Dernier du classement avec 23 points, soit onze longueurs de retard sur le premier non-relégable Lorient, le FC Metz apparaît comme quasiment condamné. Sachant que le maintien se gagne avec environ 40 points, les Grenats n'ont fait qu'un peu plus de la moitié du chemin à 9 journées de la fin. Autant dire qu'ils sont à la bourre.

  • Le scénario idéal

    Janis Ikaunieks termine son adaptation plus vite que prévu et son association avec Sergueï Krivets fait des étincelles. Le moment charnière ? Le 4 avril à Saint-Symphorien où le jeune Letton claque un hat-trick contre Toulouse (5-1). Le week-end suivant, le jeune milieu offensif remet ça au Parc des Princes en marquant le seul but du match sur un caviar de Lejeune. Cette victoire à Paris permet à tout le peuple messin d'y croire, et les Lorrains enchaînent alors une série de 9 matchs sans défaite dont l'apothéose est la victoire 1-0 contre Lille lors de la 38e journée, qui permet au FC Metz de passer devant Toulouse et d'arracher la 17e place.

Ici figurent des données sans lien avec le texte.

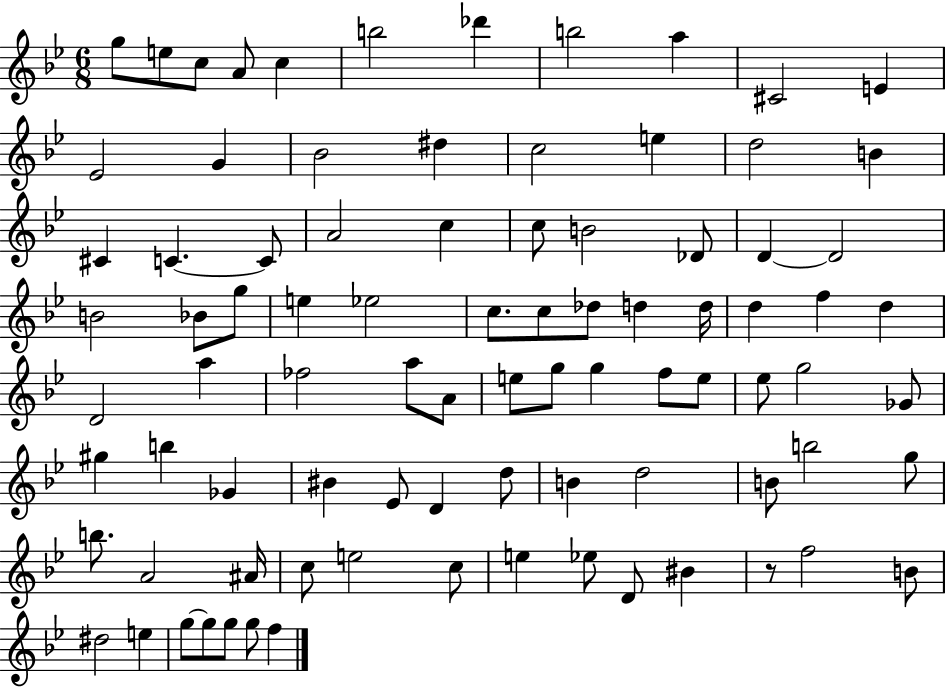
X:1
T:Untitled
M:6/8
L:1/4
K:Bb
g/2 e/2 c/2 A/2 c b2 _d' b2 a ^C2 E _E2 G _B2 ^d c2 e d2 B ^C C C/2 A2 c c/2 B2 _D/2 D D2 B2 _B/2 g/2 e _e2 c/2 c/2 _d/2 d d/4 d f d D2 a _f2 a/2 A/2 e/2 g/2 g f/2 e/2 _e/2 g2 _G/2 ^g b _G ^B _E/2 D d/2 B d2 B/2 b2 g/2 b/2 A2 ^A/4 c/2 e2 c/2 e _e/2 D/2 ^B z/2 f2 B/2 ^d2 e g/2 g/2 g/2 g/2 f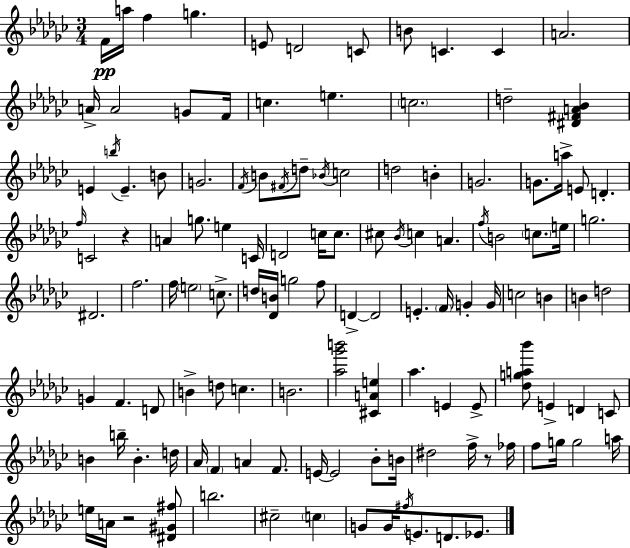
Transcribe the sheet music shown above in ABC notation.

X:1
T:Untitled
M:3/4
L:1/4
K:Ebm
F/4 a/4 f g E/2 D2 C/2 B/2 C C A2 A/4 A2 G/2 F/4 c e c2 d2 [^D^FA_B] E b/4 E B/2 G2 F/4 B/2 ^F/4 d/2 _B/4 c2 d2 B G2 G/2 a/4 E/2 D f/4 C2 z A g/2 e C/4 D2 c/4 c/2 ^c/2 _B/4 c A f/4 B2 c/2 e/4 g2 ^D2 f2 f/4 e2 c/2 d/4 [_DB]/4 g2 f/2 D D2 E F/4 G G/4 c2 B B d2 G F D/2 B d/2 c B2 [_a_g'b']2 [^CAe] _a E E/2 [_dga_b']/2 E D C/2 B b/4 B d/4 _A/4 F A F/2 E/4 E2 _B/2 B/4 ^d2 f/4 z/2 _f/4 f/2 g/4 g2 a/4 e/4 A/4 z2 [^D^G^f]/2 b2 ^c2 c G/2 G/4 ^f/4 E/2 D/2 _E/2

  • Le scénario catastrophe

    Janis Ikaunieks n'est pas encore prêt pour les joutes de la Ligue 1, Sergueï Krivets déprime, et Florent Malouda n'arrive pas à sublimer ses coéquipiers. Résultats, les Grenats perdent à la dernière minute lors du match de la dernière chance contre Toulouse et traînent leur spleen tout le reste de la saison. Le 25 avril, au soir d'une défaite à Bordeaux 2-0, les Lorrains sont officiellement relégués, à quatre journées de la fin...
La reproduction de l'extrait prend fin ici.